Residents in high tax states like California, Connecticut and New York have voiced frustration over some provisions included within the new tax law. One specific provision in the Tax Cuts and Jobs Act (TJCA) that hit taxpayers who reside within these states hard was the state and local tax (SALT) limitation.
How did this TCJA provision target high tax states? The provision within the TCJA that addressed the SALT deduction resulted in a strict limit on the deduction. The 2017 tax law resulted in a $10,000 cap for SALT deductions on their federal returns.
How did states’ respond? Some states attempted to put together workarounds to help residents get a discount. One example: development of a charitable fund. Taxpayers in New York and Connecticut could effectively claim a charitable donation when paying their state taxes — something they could still get a deduction for on their federal tax returns.
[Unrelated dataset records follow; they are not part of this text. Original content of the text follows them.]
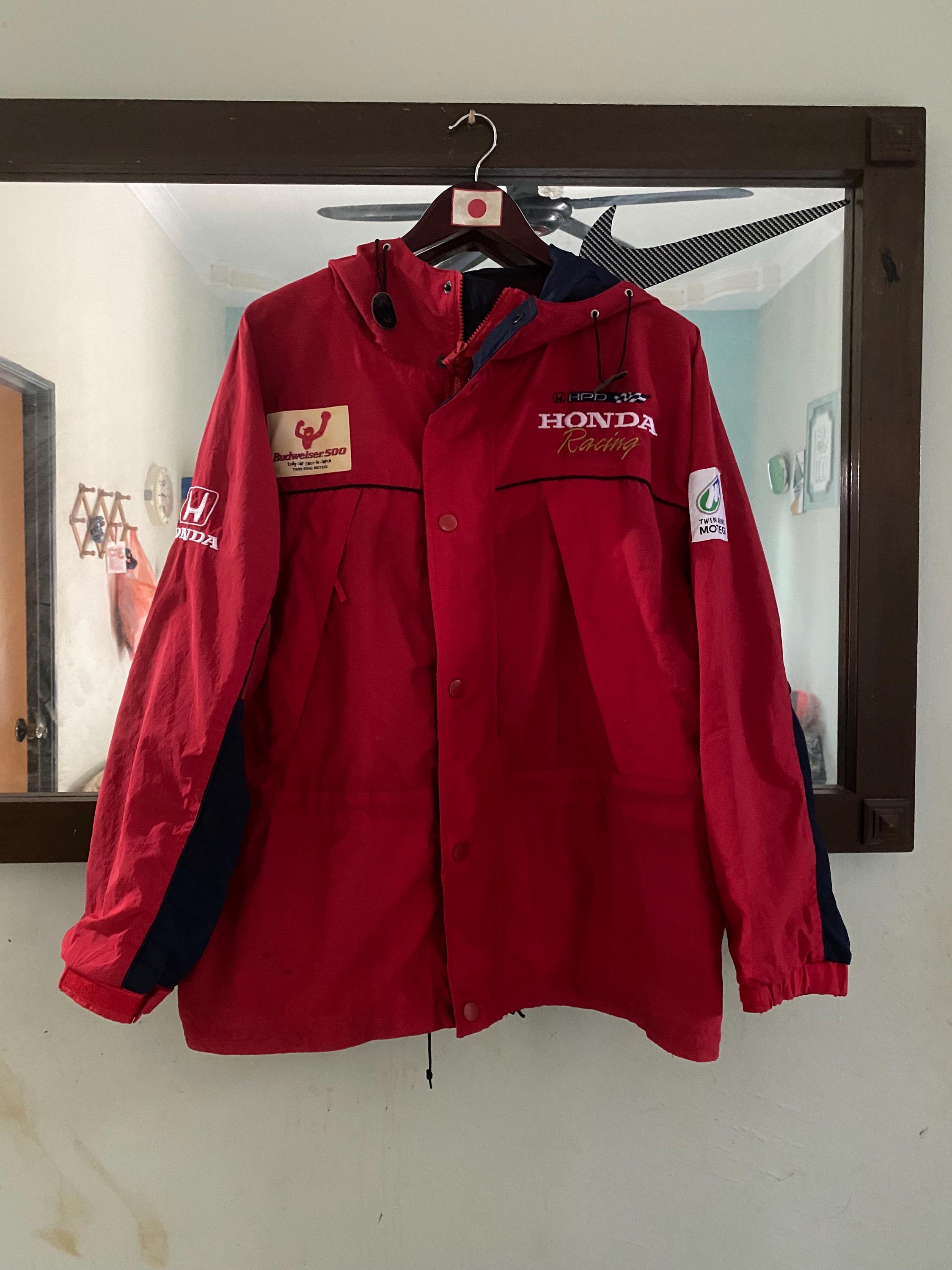 Vintage HONDA Light Jacket Hoodie Honda Racing Budweiser Rally Art 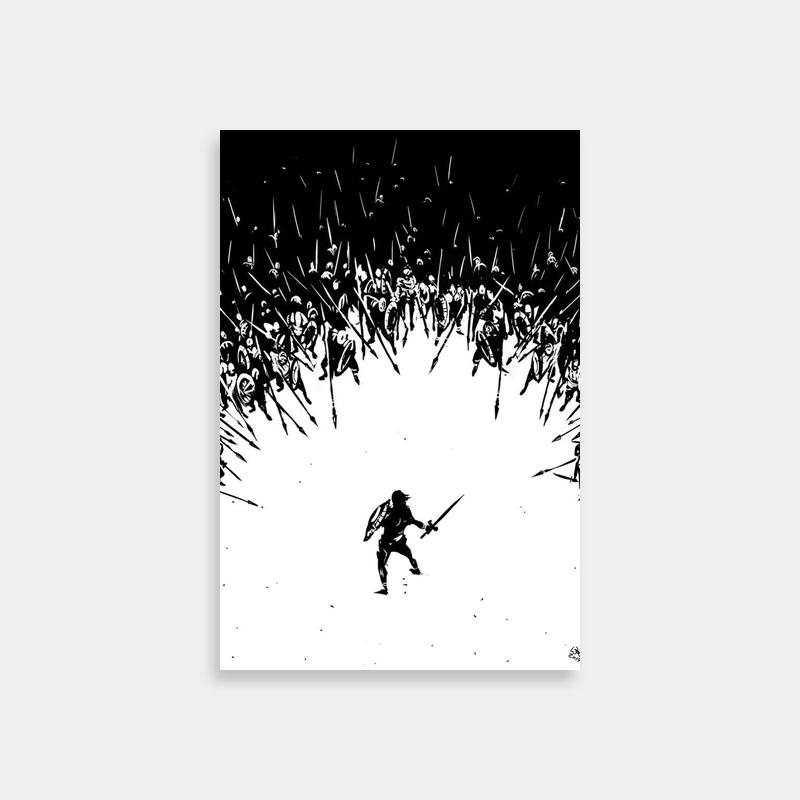 Endeavor Black & White My Hero Academia Poster - Dual Swords Art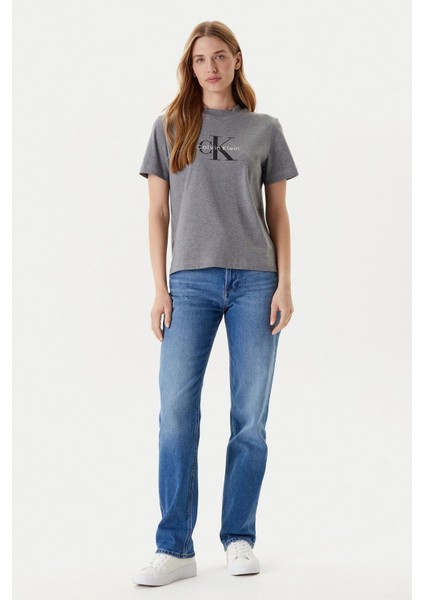 Kadın Monogram Logolu T-Shirt - Gri modelleri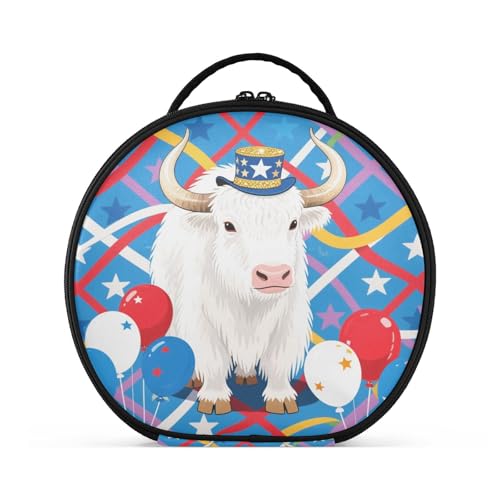 aidingzhi Independence Day Yak-Reisetasche, Reisegröße, Zubehör, leichte Make-up-Tasche für Damen, mit verstellbaren Trennwänden, 27,9 cm, Weiß von aidingzhi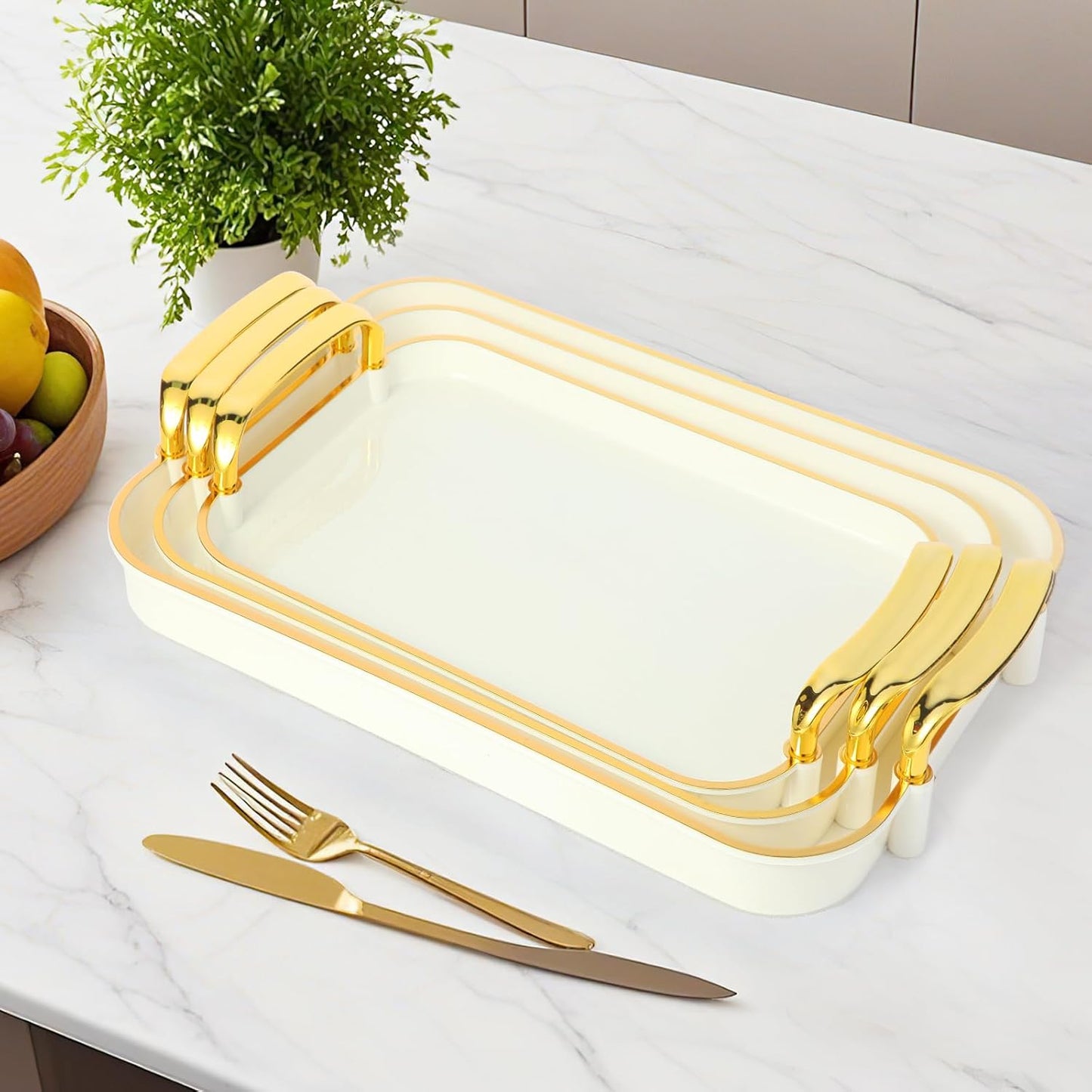Elegant Gold-Edged Serving Tray Set (3 Sizes) with Handles | Decorative Display & Utility Trays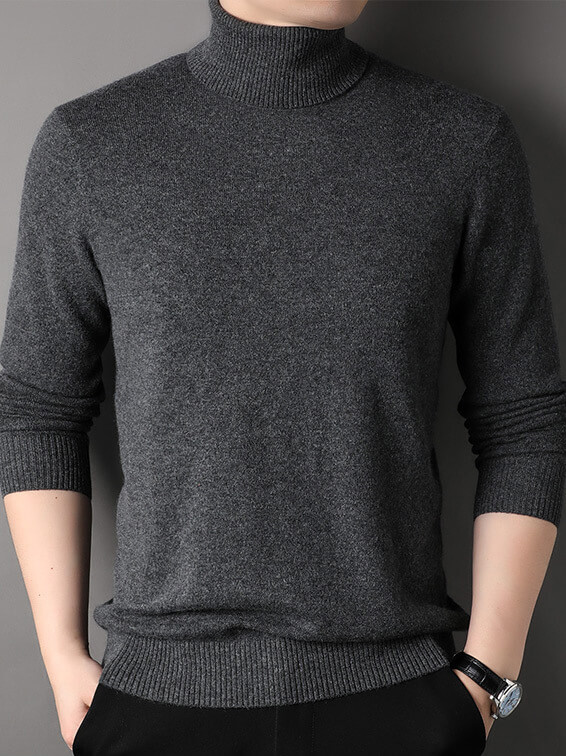 Men's Basic Pure Cashmere Turtleneck Sweater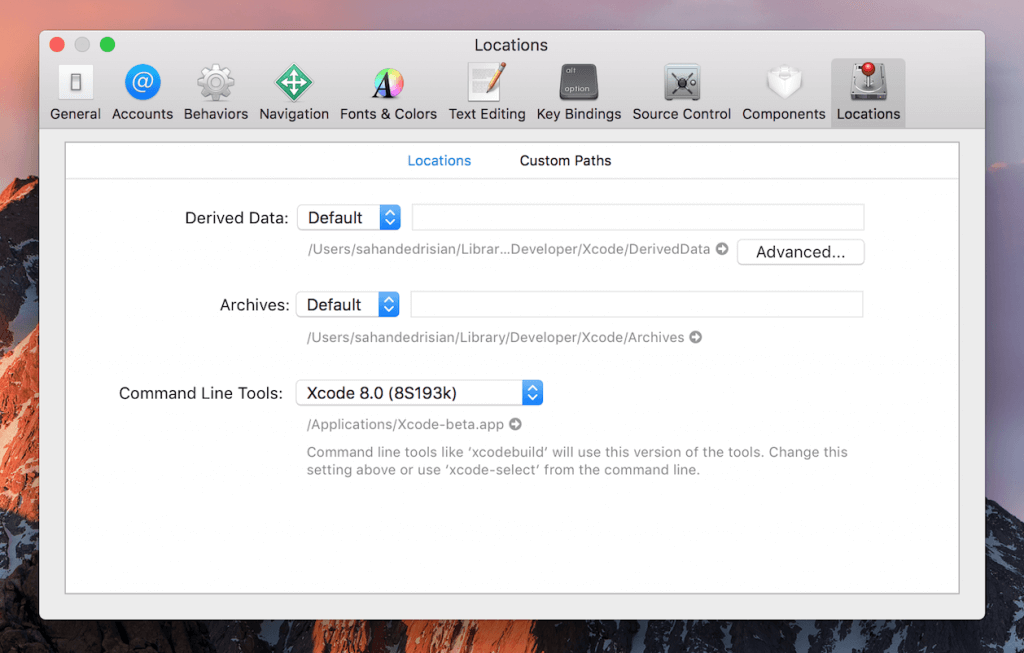 Xcode Preferences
How did the feds respond? Unfavorably. The United States Treasure Department recently issued regulations that prohibit the use of charitable organizations as a SALT deduction workaround. The agency justified this move by stating it was applying a “longstanding principle of tax law.” The basic idea involves the concept that when a benefit is involved in a donation, the donation is no longer completely charitable.
As a result, taxpayers cannot take a complete deduction on a donation made to a state charitable organization if done to gain the ability to take a charitable donation deduction on their federal tax returns while also essentially paying their state property tax bill.
The move serves as a reminder to move forward with tax planning strategies wisely. It is often wise to seek legal counsel experienced in these matters to better ensure a successful plan.